Emily Hwang ’20, a chemistry major at Harvey Mudd College, was awarded the Best Poster Prize at the Minerals, Metals and Materials Society annual meeting for her work “Computational Indicators of Ductility in Compositionally Complex B2 Alloys.” Hwang is part of engineering professor Lori Bassman’s applied mechanics research group, which studies compositionally complex alloys (CCAs).
Conventional alloys, like steel, are typically made up of a majority element combined with small amounts of additional elements to improve properties. CCAs, a relatively new approach to alloys, generally have three or more elements in near-equal amounts.

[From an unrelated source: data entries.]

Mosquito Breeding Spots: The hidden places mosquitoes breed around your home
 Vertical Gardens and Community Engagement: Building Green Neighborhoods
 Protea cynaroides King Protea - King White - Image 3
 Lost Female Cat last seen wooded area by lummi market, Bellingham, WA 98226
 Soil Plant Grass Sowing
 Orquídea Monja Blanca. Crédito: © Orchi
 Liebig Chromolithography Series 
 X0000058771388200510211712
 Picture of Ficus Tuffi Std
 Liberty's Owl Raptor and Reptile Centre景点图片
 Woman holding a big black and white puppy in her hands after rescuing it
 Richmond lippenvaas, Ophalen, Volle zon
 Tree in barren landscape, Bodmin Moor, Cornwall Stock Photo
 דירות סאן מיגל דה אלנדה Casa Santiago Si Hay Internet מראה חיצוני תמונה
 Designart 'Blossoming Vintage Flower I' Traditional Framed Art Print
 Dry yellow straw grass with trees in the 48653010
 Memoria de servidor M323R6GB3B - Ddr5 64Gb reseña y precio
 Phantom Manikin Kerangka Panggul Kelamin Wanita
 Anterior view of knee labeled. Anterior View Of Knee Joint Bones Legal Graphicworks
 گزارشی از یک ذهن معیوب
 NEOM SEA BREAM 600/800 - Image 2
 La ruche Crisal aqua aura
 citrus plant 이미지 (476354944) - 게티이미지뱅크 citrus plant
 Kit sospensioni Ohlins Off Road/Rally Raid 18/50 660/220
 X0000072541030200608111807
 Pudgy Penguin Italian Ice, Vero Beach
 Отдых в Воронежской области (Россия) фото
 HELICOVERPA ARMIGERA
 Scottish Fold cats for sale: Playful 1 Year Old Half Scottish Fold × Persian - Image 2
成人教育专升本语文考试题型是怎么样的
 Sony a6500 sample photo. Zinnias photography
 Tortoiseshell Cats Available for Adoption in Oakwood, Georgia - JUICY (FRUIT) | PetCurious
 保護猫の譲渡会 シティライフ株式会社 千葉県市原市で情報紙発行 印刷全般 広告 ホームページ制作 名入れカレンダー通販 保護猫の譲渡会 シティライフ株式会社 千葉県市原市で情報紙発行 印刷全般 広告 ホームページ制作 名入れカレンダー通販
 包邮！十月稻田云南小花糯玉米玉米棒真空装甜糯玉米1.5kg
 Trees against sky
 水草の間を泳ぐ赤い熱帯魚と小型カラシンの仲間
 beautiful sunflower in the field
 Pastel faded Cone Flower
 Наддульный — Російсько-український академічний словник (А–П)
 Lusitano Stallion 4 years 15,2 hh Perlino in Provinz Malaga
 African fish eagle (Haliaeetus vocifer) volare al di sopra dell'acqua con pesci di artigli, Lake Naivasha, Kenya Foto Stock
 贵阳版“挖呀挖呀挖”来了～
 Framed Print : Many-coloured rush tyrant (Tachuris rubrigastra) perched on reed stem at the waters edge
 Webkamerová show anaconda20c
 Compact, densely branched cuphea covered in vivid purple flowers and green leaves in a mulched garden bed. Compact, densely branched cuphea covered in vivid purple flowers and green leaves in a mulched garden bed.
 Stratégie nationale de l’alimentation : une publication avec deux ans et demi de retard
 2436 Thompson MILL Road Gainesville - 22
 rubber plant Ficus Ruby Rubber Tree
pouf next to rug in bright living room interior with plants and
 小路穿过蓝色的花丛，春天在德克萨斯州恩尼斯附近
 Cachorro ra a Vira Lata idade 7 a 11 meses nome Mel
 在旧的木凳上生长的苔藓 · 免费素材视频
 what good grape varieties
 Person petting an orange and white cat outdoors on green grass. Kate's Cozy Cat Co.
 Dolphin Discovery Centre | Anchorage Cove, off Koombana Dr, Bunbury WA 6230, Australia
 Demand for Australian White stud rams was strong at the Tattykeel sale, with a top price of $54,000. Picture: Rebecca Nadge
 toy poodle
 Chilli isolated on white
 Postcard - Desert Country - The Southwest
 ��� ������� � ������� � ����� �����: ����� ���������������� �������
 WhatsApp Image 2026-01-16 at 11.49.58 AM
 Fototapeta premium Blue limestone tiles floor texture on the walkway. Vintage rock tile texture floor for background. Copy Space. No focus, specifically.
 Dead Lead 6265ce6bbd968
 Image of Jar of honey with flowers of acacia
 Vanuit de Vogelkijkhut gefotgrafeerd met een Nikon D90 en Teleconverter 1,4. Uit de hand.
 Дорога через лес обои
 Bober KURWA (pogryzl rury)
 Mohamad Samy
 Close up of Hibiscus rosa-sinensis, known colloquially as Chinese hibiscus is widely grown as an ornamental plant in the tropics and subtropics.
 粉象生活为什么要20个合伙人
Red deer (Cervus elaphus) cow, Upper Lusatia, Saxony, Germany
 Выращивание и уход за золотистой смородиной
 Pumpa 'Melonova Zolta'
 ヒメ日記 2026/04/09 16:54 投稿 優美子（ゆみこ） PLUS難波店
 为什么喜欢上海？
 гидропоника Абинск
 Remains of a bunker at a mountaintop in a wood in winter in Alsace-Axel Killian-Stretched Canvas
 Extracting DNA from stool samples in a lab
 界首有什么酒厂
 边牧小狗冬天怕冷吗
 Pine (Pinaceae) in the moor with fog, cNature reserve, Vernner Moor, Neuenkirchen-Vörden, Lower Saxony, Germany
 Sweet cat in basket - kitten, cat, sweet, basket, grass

“The project I presented during TMS was motivated by the work of Kyla Scott ’18 and Bailey Meyer ’18, who experimentally found a set of quaternary CCAs that were unusually ductile,” says Hwang, who was recently granted a National Science Foundation Graduate Research Fellowship. Emma Cuddy ’21 and Julianne Lin ’20 also contributed to the project. “Our work sought to find a computational indicator of ductility using density functional theory in order to more efficiently guide experimental work. We investigated and evaluated several possible indicators from literature based on binary alloys before settling on one based on the relative stability of slip systems. Emma first vetted this metric on a set of binary alloys and was able to achieve a 90% success rate. I then adapted the metric for the quaternary alloys made by Kyla and Bailey and was able to get a 70% success rate, though some work could still be done to further refine the metric. Because the metric itself is not specific to a particular family of alloys, it could potentially be applied to any binary or quaternary system to predict ductility.”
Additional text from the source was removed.